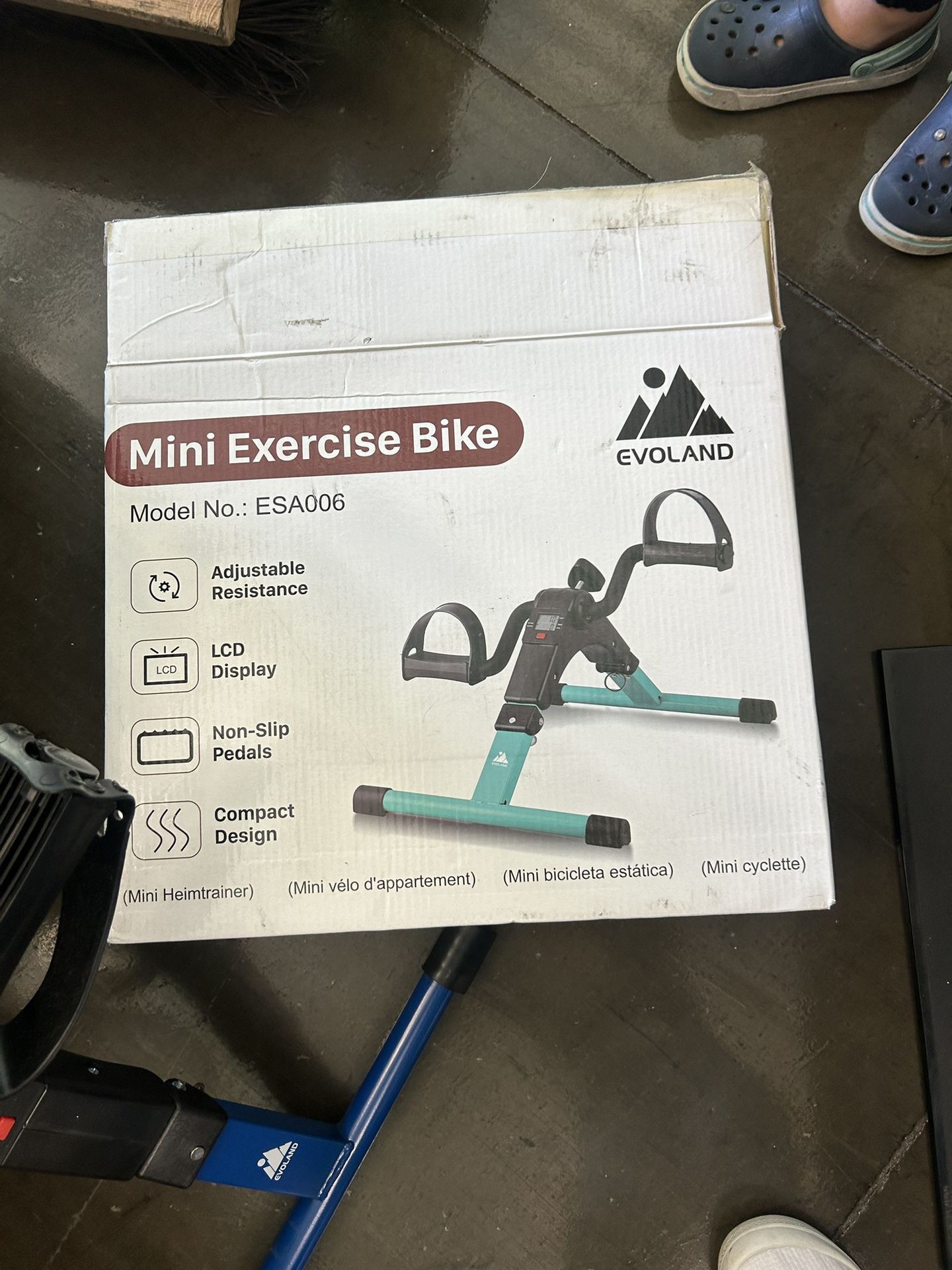 Mini Exercise Bike $20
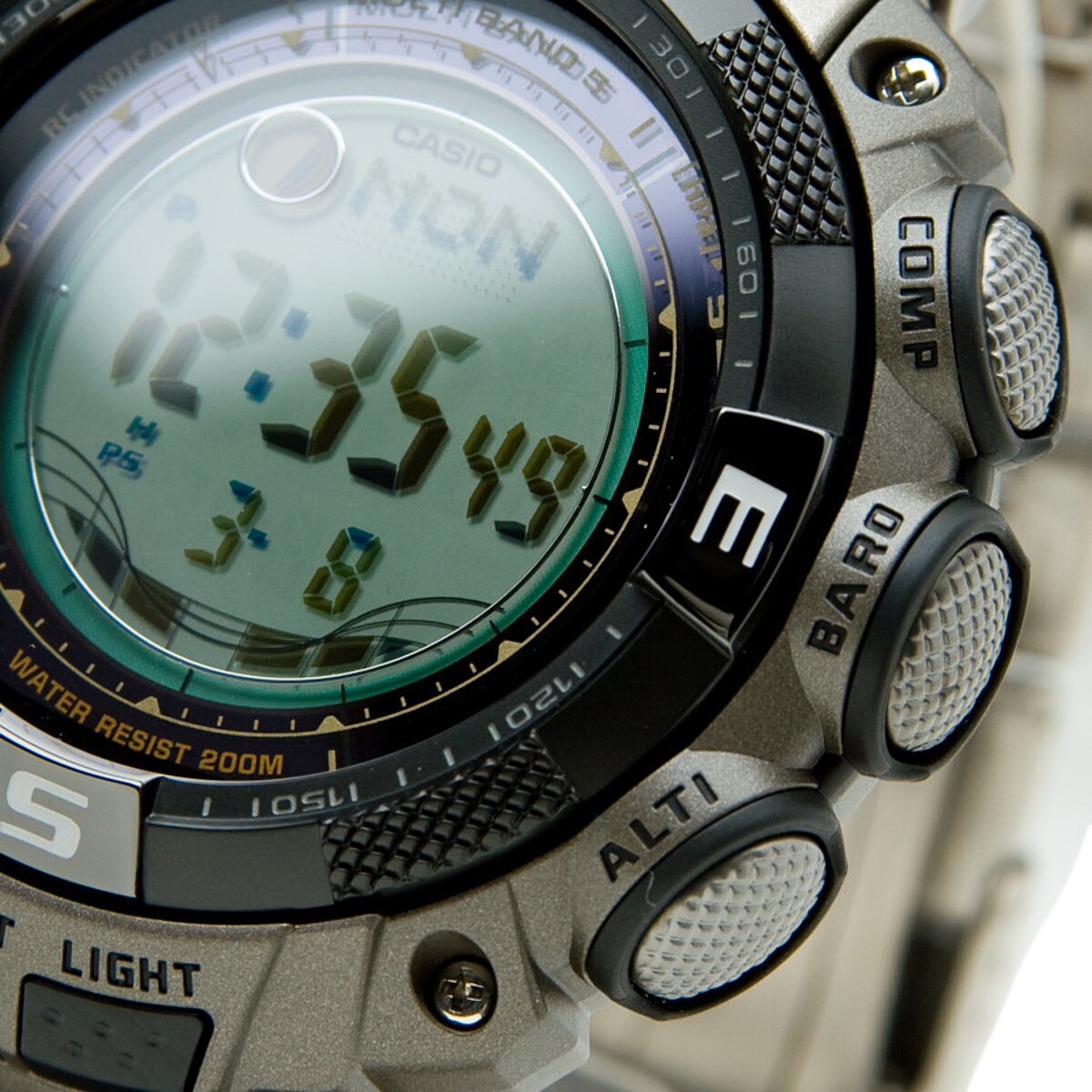 Casio Pathfinder PAW1500T Altimeter Watch Training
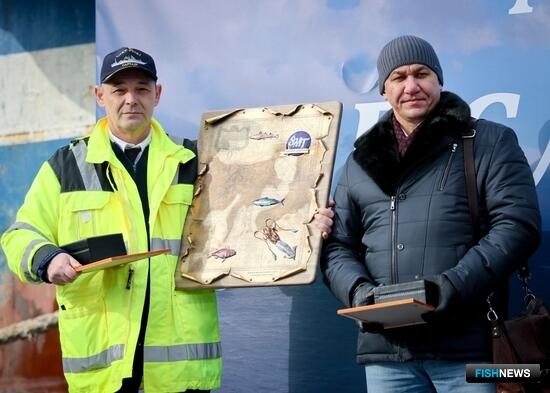 Российские рыбаки установили новый рекорд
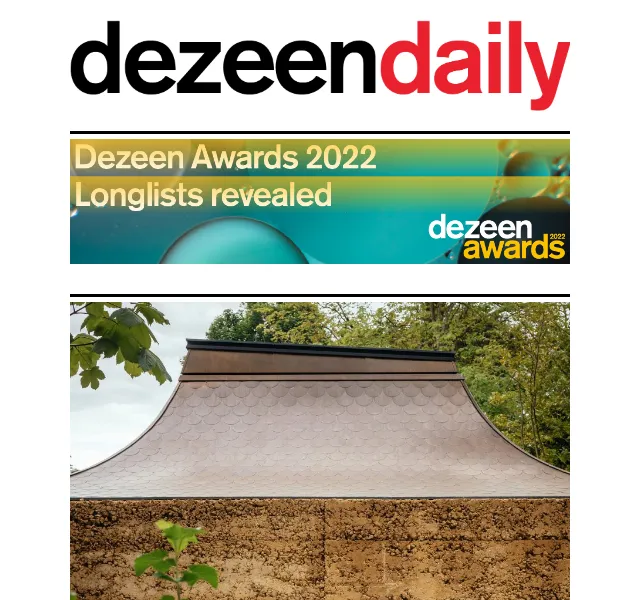 Dezeen Daily: Architektura a design – červen 2026 | Nuslet.cz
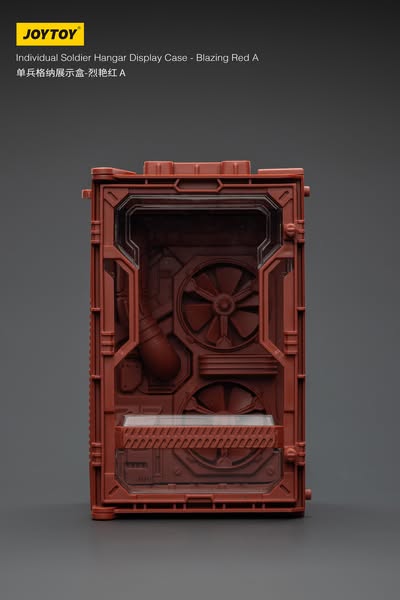 [PRE-ORDER] JoyToy Individual Soldier Hangar Display Case - Blazing Red (A / B / C)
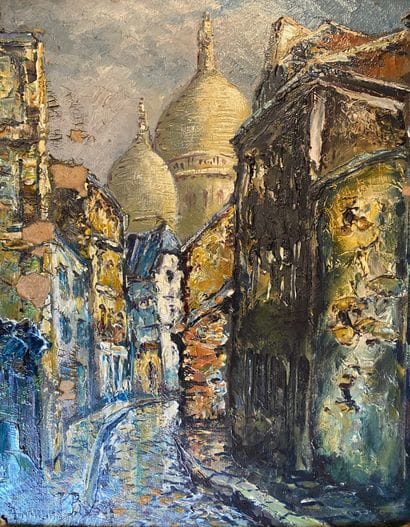 Raymond BASSE (Xxè siècle)

Le Sacré Cœur

Huile...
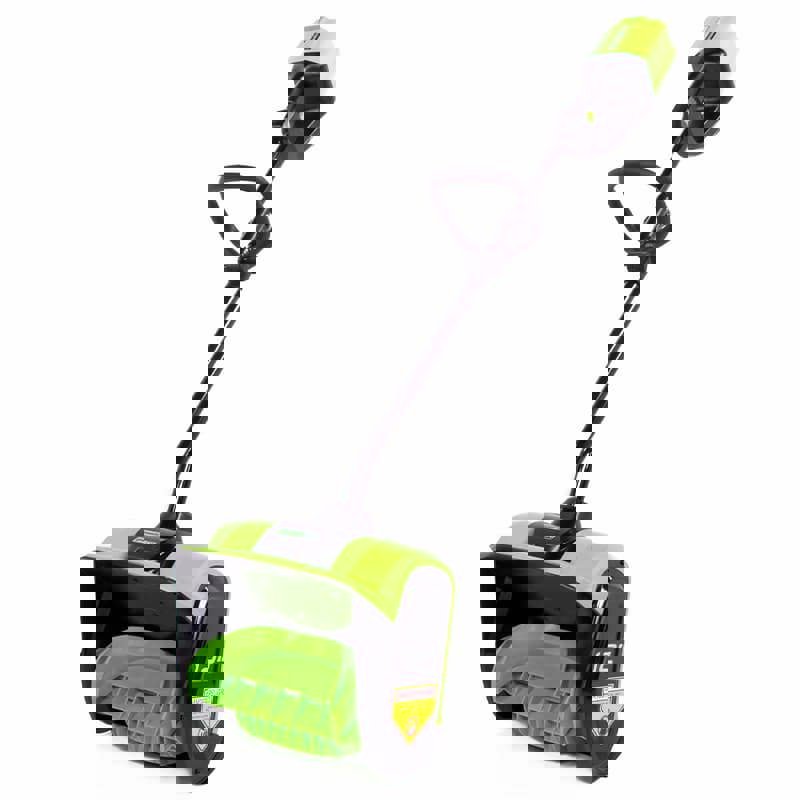 Изображение товара Аккумуляторный снегоуборщик Greenworks 2602607 60 В, 30 см, комплект с АКБ и ЗУ
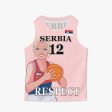 Kids Basketball Jersey GLOBAL FREEDOM UNITED GIRLS SERBIA 12 Sale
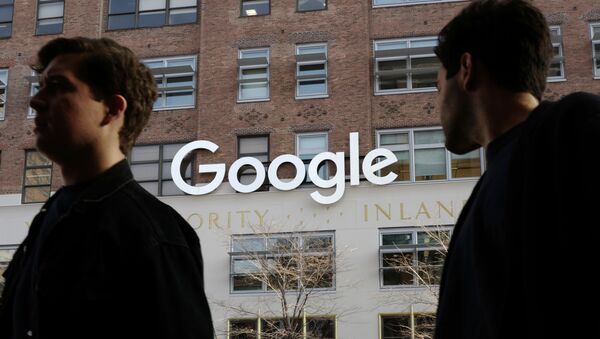 Google, New York - Sputnik Việt Nam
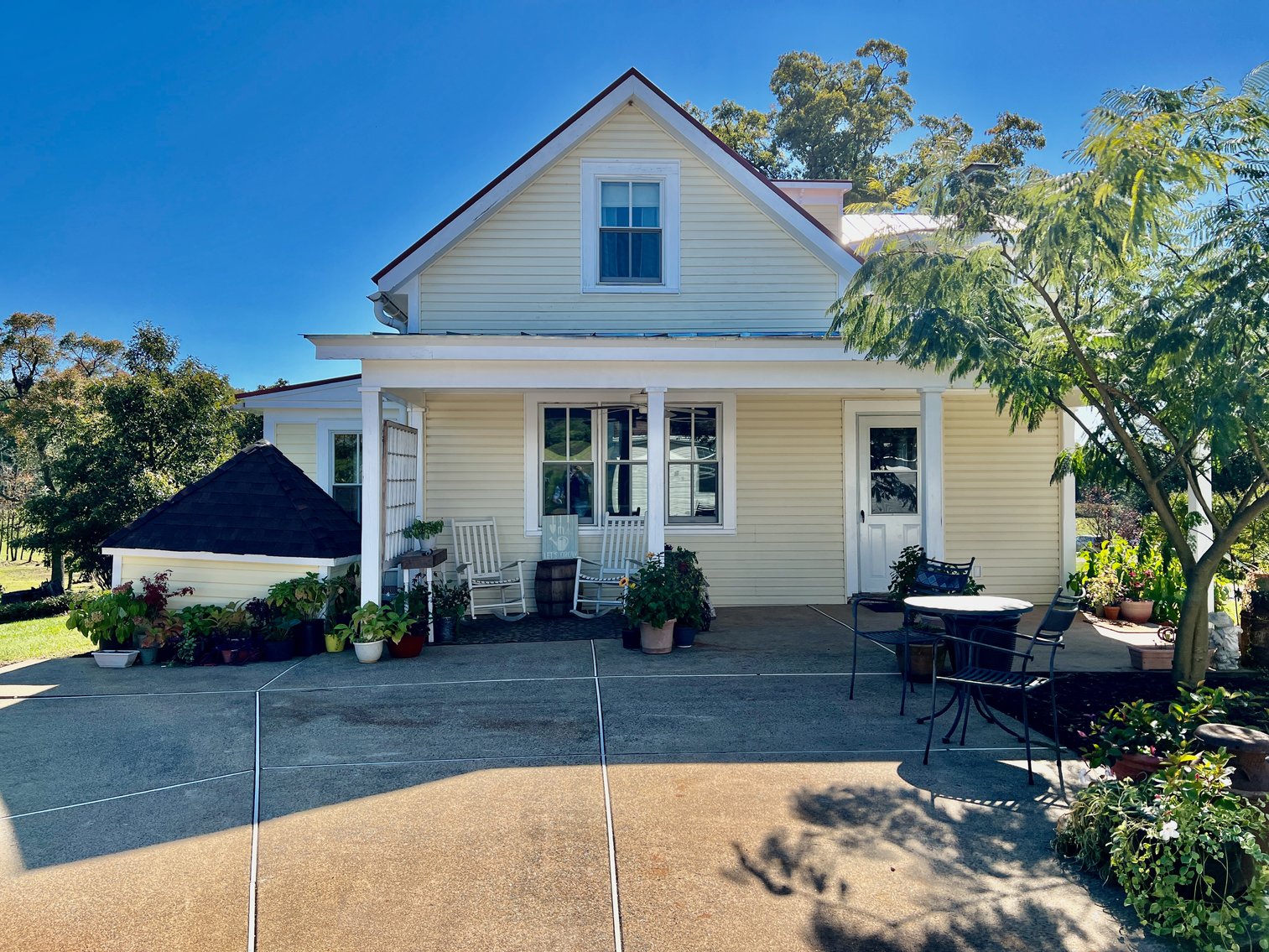 Image for 4 BR/4 BA Victorian/Queen Anne Style Farm House:  Detached Garages/Shops w/Apartment, Pond & Pool on 10.5 +/- Acres in Fauquier County, VA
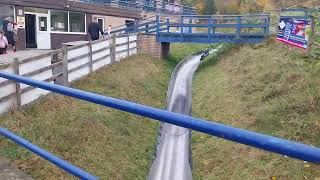 Swadlincote ski slope [upl. by Nnylharas]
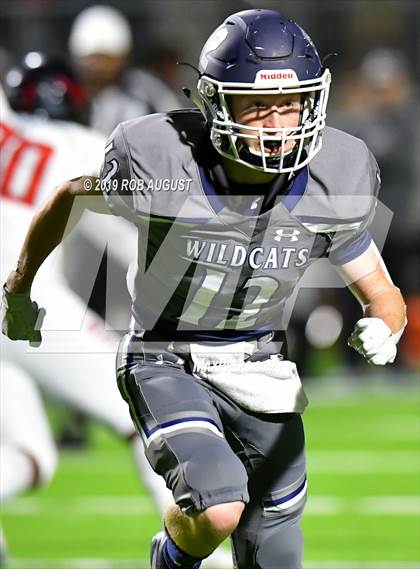 Thumbnail 2 in Westfield vs. Tomball Memorial (UIL 6A Area Playoff)  photogallery.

---+---

REQUIRED WORK: Return the material from above in full, exactly as written, with the pictures omitted.

SOLUTION TO THIS TASK:
 Mini Exercise Bike $20
 Casio Pathfinder PAW1500T Altimeter Watch Training
 Российские рыбаки установили новый рекорд
 Dezeen Daily: Architektura a design – červen 2026 | Nuslet.cz
 [PRE-ORDER] JoyToy Individual Soldier Hangar Display Case - Blazing Red (A / B / C)
 Raymond BASSE (Xxè siècle)

Le Sacré Cœur

Huile...
 Изображение товара Аккумуляторный снегоуборщик Greenworks 2602607 60 В, 30 см, комплект с АКБ и ЗУ
 Kids Basketball Jersey GLOBAL FREEDOM UNITED GIRLS SERBIA 12 Sale
 Google, New York - Sputnik Việt Nam
 Image for 4 BR/4 BA Victorian/Queen Anne Style Farm House:  Detached Garages/Shops w/Apartment, Pond & Pool on 10.5 +/- Acres in Fauquier County, VA
 Swadlincote ski slope [upl. by Nnylharas]
 Thumbnail 2 in Westfield vs. Tomball Memorial (UIL 6A Area Playoff)  photogallery.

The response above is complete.